Current update as of today

I am really happy with the La Prima so far. As you can tell, that heavy rain moved enough seed around to cause clumps of heavier seeded areas and some with little to no seed. Walking around yesterday picking up some smaller rocks on the surface I noticed grass is still emerging in some areas. I suspect that since this is a blend that the SR9544 has emerged faster and the LaPaloma is germinating later. This makes sense in my mind since the Riveria up front emerged much later and is about week later in development than the back. I am anxious to see what the back looks like next weekend.

Here is the backyard as of June 21 


Here is the front yard Riviera as of June 21.


I will be spraying Drive XLR 8 on the backyard tonight to try and knock down some of the weeds. I will do the front here in a week when the Riviera gets going better. I'm battling crabgrass and carpetweed mostly with some yellow nutsedge and various other weeds mixed in. If needed, I'll spray Celcius here in a month when the temps are to high for other herbicides.


----------



## Reel Low Dad (Jun 1, 2017)

My LaPrima blend had the SR9544 and 
LaPaloma as well and am very pleased with it. I went to order more and noticed they changed the blend so now I'm deciding what to do for the rest of the back yard. I too noticed a 2 stage germination with mine. Your renovation is looking great and can't wait to see more.


----------



## Redtenchu (Jan 28, 2017)

josh02_2001 said:


> ..then start just doing updates here. Here goes.


Welcome to TLF, we are happy to have you!

I'm excited to see your progress, we have a lot of Bermuda Renovations going this year (kinda rare).


----------



## Tellycoleman (May 10, 2017)

josh02_2001 said:


> I will be spraying Drive XLR 8 on the backyard tonight to try and knock down some of the weeds. I will do the front here in a week when the Riviera gets going better.
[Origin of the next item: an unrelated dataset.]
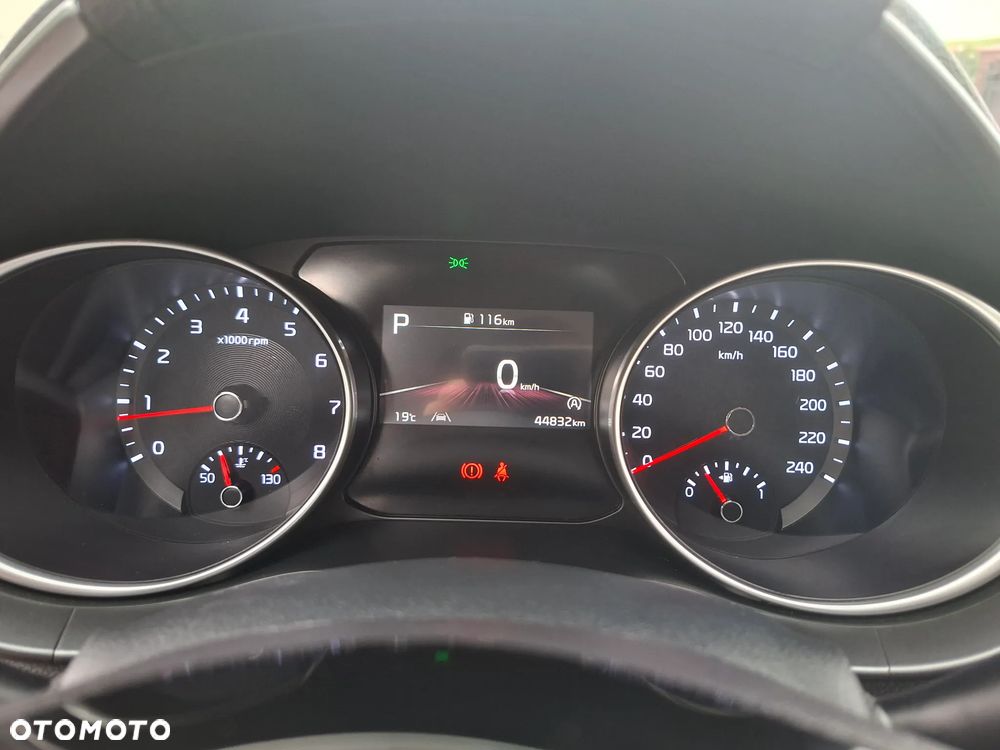 Kia XCeed 1.5 T-GDI M DCT - 16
I'm battling crabgrass and carpetweed mostly with some yellow nutsedge and various other weeds mixed in. If needed, I'll spray Celcius here in a month when the temps are to high for other herbicides.
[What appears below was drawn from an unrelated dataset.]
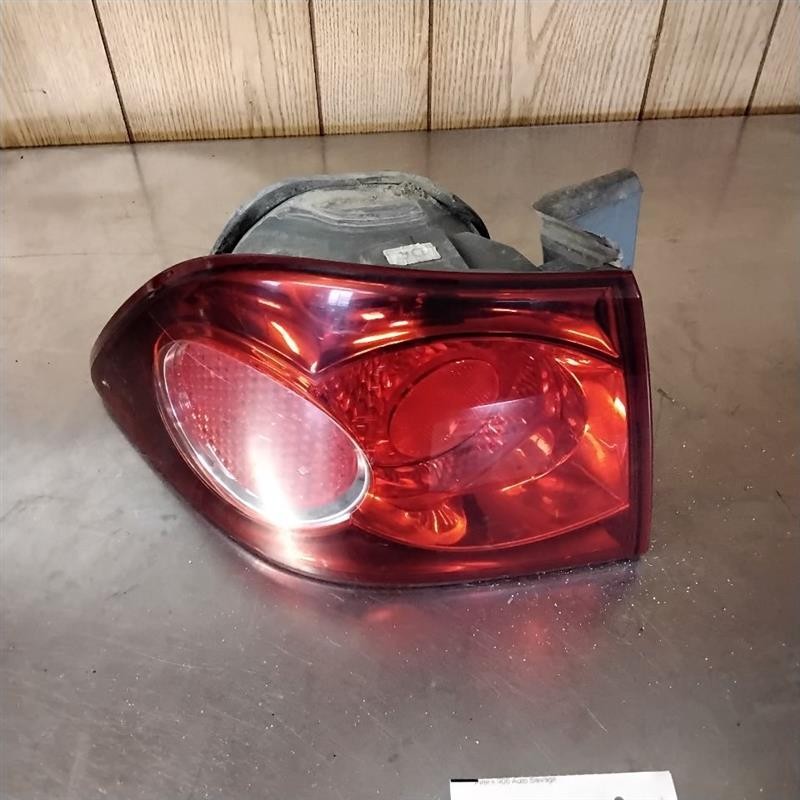 Tail Light Assembly KIA OPTIMA Left 06 07 08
Dude it might be a little soon for Drive you barely have tillering.
Its easier said than done because i used MSMA early but not quiet that early. Your front yard doesnt seem like its at emergence yet and you need to at least wait 1 week after emergence. 
Try your best to wait a little longer. Trust me I was there 2 weeks ago just itching to fight the weeds


----------



## josh02_2001 (Jun 21, 2017)

Well I was waiting to spray the front until it looks like the backyard currently. Most of the back yard looks like this. Is this to early to spray?
If it is to early I feel like I need to mow as it's nearly 3" tall is some areas and I want to promote lateral growth.


----------



## Tellycoleman (May 10, 2017)

You have emergence in the back. But how long has it been that long. I did a test spot in an area and it set back alot of the bermuda and didnt kill all the crabgrass. You want to use full strength to get the best kill. I used half strength and MSMA really didnt kill all the crabgrass and gave it more opportunity to spread.
In the area that you are showing me in the picture I dont see many weeds. 
Do you have more than 60% Bermuda coverage? If most of the backyard looks like the picture then I definatly wouldnt spray. There is no need to until it gets older.
If you do then wait. At about the 5th or 6th week after seeding, my bermuda really started to take off and spread laterally.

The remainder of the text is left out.